La colonna sonora di The Punisher

Dai primi agli ultimi solchi è un susseguirsi di personaggi che fanno della chitarra -quasi sempre heavy e sapientemente distorta - il proprio credo.

Ci sono sicuri motivi di interesse nella migliore colonna sonora dell'estate 2004.
Innanzitutto la curiosità di capire come evolverà la storia artistica dei Queens Of The Stone Age: i titolari di uno dei migliori dischi rock del decennio sono in fase di rimpasto con Josh Homme che ha dato il ben servito al compagno d'avventure Nick Oliveri ed ha proprio in questi giorni confermato la presenza di Mark Lanegan su alcune tracce dal nuovo disco in fase di ultimazione ed in alcune date del prossimo tour, impegni solistici permettendo. Confermata invece l'assenza dell'iperattivo ed energetico Dave Grohl per il quale c'è sempre la postazione pronta dietro tamburi e rullanti.
Tra una Desert Session e l'altra i Queens hanno registrato Never Say Never, in realtà una cover di Romeo Void, con la quale continuano a dimostrare di essere uno dei pochi combi capaci di sorprendere ogni volta.

C'è l'intenzione di valutare l'esatta caratura artistica dei tanto strombazzati Seether, venuti alla ribalta per la bontà dei primi due dischi e per la love story fra Shaun Morgan ed Amy Lee degli Evanescence (con i quali sono stati in tour); i due dettano nella dolcissima Broken e senza Amy i Seether sono presenti anche con un secondo pezzo: Sold Me.
Un altro titolare degli Evanescence, Ben Moody, esordisce come solista in The End Has Come.

Vogliamo mettere alla prova anche due alfieri del plagio grunge, i Puddle Of Mudd ed i Nickelback, che non avevano deluso coi rispettivi esordi ma che sembrano già alla frutta nei loro sogni di emulare gli idoli assoluti Vedder e Cobain; tutto sommato nei loro nuovi dischi oltre le solite 2 - 3 canzoni azzeccate c'è poca carne al fuoco, per The Punisher ci propongono rispettivamente Bleed (guarda caso stesso titolo di uno degli anthem dei Nirvana, anche se qui la somiglianza è più con gli ormai defunti Alice In Chains) e Slow Motion (che strizza l'occhiolino ai primi Pearl Jam).
Ed a proposito di eroi grunge qui ce n'è uno vero, trattasi di Jerry Cantrell, ex co-leader proprio degli appena citati Alice In Chains, la sua voce colora Ashes To Ashes e ci fa rimpiangere tutto quello che non potrà mai più comporre con l'amico di sempre Layne Staley.

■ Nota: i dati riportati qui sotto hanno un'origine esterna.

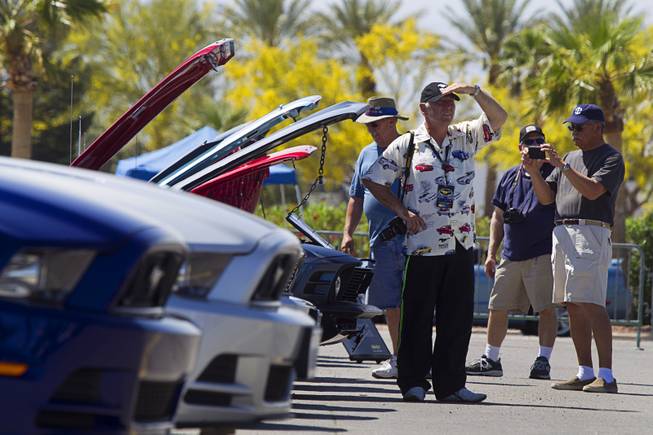Paul Metcalfe, center, of New Zealand looks over classic Mustangs during the Mustang 50th Birthday Celebration at the Las Vegas Motor Speedway Thursday, April 17, 2014.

In apertura sono stati piazzati i Drowning Pool, metal band che ebbe un ottimo esordio negli States con l'album Sinner ed il relativo singolo Bodies, partecipò all'Ozzfest nelle edizioni 2001 e 2002, nel corso del quale (il 3 agosto 2002) fu trovato morto per cause apparentemente naturali il cantante Dave Williams, sostituito solo all'inizio del 2004 da Jason Jones.
Occhio anche ai tre fratelli Chevelle, partiti nel 1999 con un disco prodotto da Steve Albini al quale diedero un seguito tre anni dopo con Wonder What's Next, il quale grazie al passaggio alla Epic divenne disco di platino.
Gli altri protagonisti (molto meno noti) del soundtrack sono Smile Empty Soul, Trapt, Edgewater, Finger Eleven, Strata, Hatebreed, Seven Wiser, Submersed, Atomship e Mark Collie per un totale di 19 tracce, e non è poco, anche se per la verità fra nu-metal e reminescenze grunge non c'è poi molto per cui gridare al capolavoro.

Dai primi agli ultimi solchi è un susseguirsi di personaggi che fanno della chitarra (quasi sempre heavy e sapientemente distorta) il proprio credo, delineando una colonna sonora indicata per gli amanti di almeno un paio dei gruppi citati finora (o almeno uno fra Korn, Soundgarden e Metallica, senza attendersi i picchi raggiunti da costoro).
Se preferite suoni meno disturbati meglio restare alla larga.